Lu Aiko Otta - O Estado de S. Paulo

20 Março 2014 | 21h 53

Gerdau, que se manteve no Conselho de Administração, ainda destaca pareceres técnicos favoráveis; para economista, decisão era bem fundamentada

O empresário Jorge Gerdau Johannpeter, do grupo Gerdau, que ainda mantém cadeira no Conselho de Administração da Petrobrás, afirmou nesta quinta-feira, 20, por meio de nota que "ao aprovar em 2006 a operação de compra e 50% de participação na refinaria Pasadena não tinha conhecimento, como os demais conselheiros, das cláusulas Put Option e Marlim do contrato".

A primeira dessas cláusulas obrigou a Petrobrás, posteriormente, a comprar 100% da refinaria, dando prejuízos para a estatal. Essa é a mesma versão apresentada pela presidente Dilma Rousseff, à época presidente do conselho, para justificar seu apoio ao negócio que custou mais de US$ 1 bilhão.

Gerdau afirmou ainda na nota que o negócio foi decidido com base em "avaliações técnicas de consultorias com reconhecida experiência internacional, cujos pareceres apontavam para a validade e a oportunidade do negócio." Essas avaliações levavam em consideração as "boas" perspectivas econômicas daquele momento. "Entretanto, a crise global de 2008 alterou drasticamente o potencial de crescimento do mercado nos anos subsequentes."

O ex-conselheiro Claudio Luiz Haddad, economista e empresário, defendeu ontem que o Conselho de Administração da estatal dispunha de informações "fundamentadas" para a aprovação da compra da refinaria. Segundo ele, o ex-diretor da área internacional, Nestor Cerveró, fez uma apresentação "consistente" do negócio e recomendou sua aprovação.

Haddad lembrou que as negociações foram assessoradas por uma instituição financeira, que também deu aval às condições de compra da refinaria. "Ele (o banco) atestou que o preço se enquadrava à prática do mercado, e as condições eram normais. Sendo uma apresentação consistente, não havia nada que oferecesse qualquer tipo de duvida", disse o ex-conselheiro.

A aprovação da compra de Pasadena foi a última participação de Haddad no colegiado da estatal, que no mês seguinte, em abril de 2006, ganhou nova formatação. "Se houve omissão, não saberia dizer", completou.
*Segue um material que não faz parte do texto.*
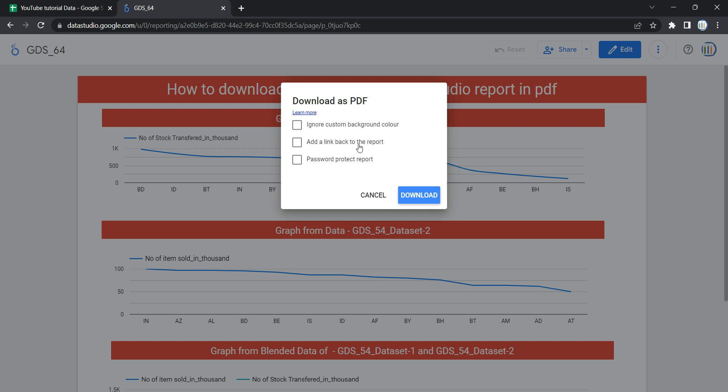The next option is Add a Link Back to the Report. When the report gets downloaded, a link will be provided in the PDF to visit this dashboard.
Segundo o economista, a prática nas reuniões de Conselho era que um dos diretores das áreas pertinentes ao assunto debatido fizesse uma apresentação "substanciada" aos integrantes do colegiado. "No caso, eram as diretorias de Internacional e de Refino e Abastecimento", completa. Os cargos eram ocupados por Nestor Cerveró, que viajou para Europa na quarta-feira, e Paulo Roberto Costa, preso nesta quinta pela Polícia Federal.
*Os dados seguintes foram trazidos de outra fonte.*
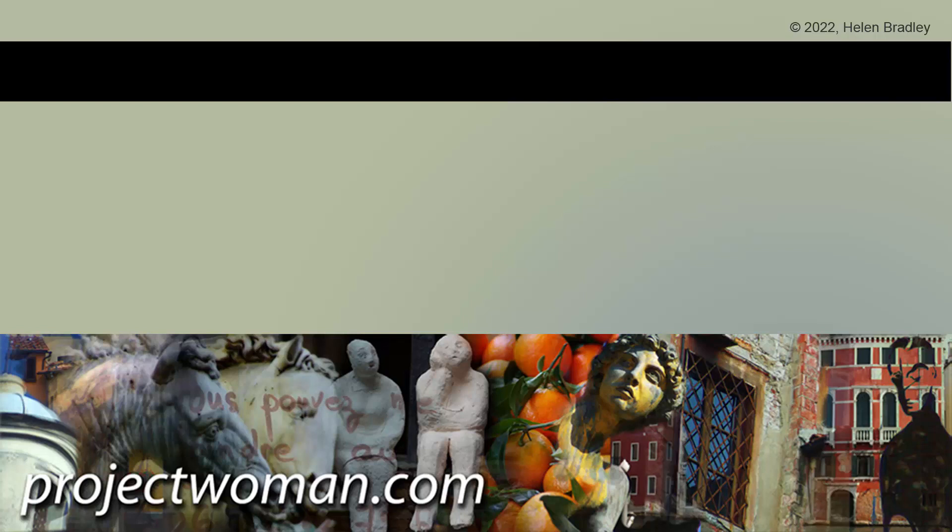If you did enjoy the video, please give it a thumbs up, hit the subscribe button and the notification bell so you'll be alerted when new videos are released. Until next time, my name's Helen Bradley. Thank you so much for joining me here on my YouTube channel.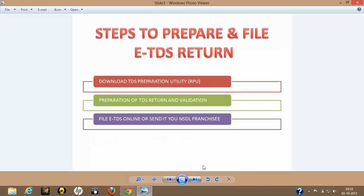There are three steps involved in doing this ETDS return filing. First, one needs to download the TDS creation utility from the NSDL website. In this tutorial I am not showing you how to do this using a particular vendor software, but I am making this tutorial to show you how to use the NSDL TDS preparation utility, which is available freely online. So without paying any money to any vendor or software provider, you can file your TDS return. The first step is to download the TDS preparation utility, called the RPU — Return Preparation Utility.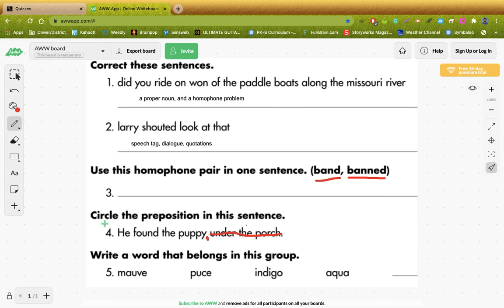Write a word that belongs in this group. What they've given us is mauve, puce, indigo, and aqua. You're going to have to look up these colors and find out what they look like, and then you're going to need to add a word that belongs in that group. Those are some fancy words for that particular color. You're going to have to do a little research on that one, and then type in your answer. All right, have at it, guys.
Haddad afirma ainda que na reunião a compra da refinaria de Pasadena foi defendida por Cerveró. "Recomendou-se a aprovação. Jamais o conselho aprovaria uma operação se não estivesse bem fundamentada. O conselho é última instância. Quando chega ali, a administração já explorou exaustivamente vários pareceres." Em nenhum momento, segundo ele, se questionou os altos valores do negócio, estimado em US$ 360 milhões.

Valores. Também não foi feita comparação com o valor pelo qual a refinaria foi adquirida um ano antes, pela empresa belga Astra Oil – US$ 42,5 milhões. "Naqueles anos antecedentes a decisão, o preço do petróleo subiu bastante. Isso pode perfeitamente acontecer. As condições de mercado levam a uma mudança de patamar", defendeu.

Haddad diz que não acompanhou o caso após deixar o conselho. E prefere não avaliar se houve equívoco. "Negócio é feito com base nas condições de mercado, ambiente e contexto da época. Se as condições mudam anos depois, para mal ou para bem, são coisas que acontecem. Tem sempre de ser julgado com base no contexto de quando a decisão é tomada."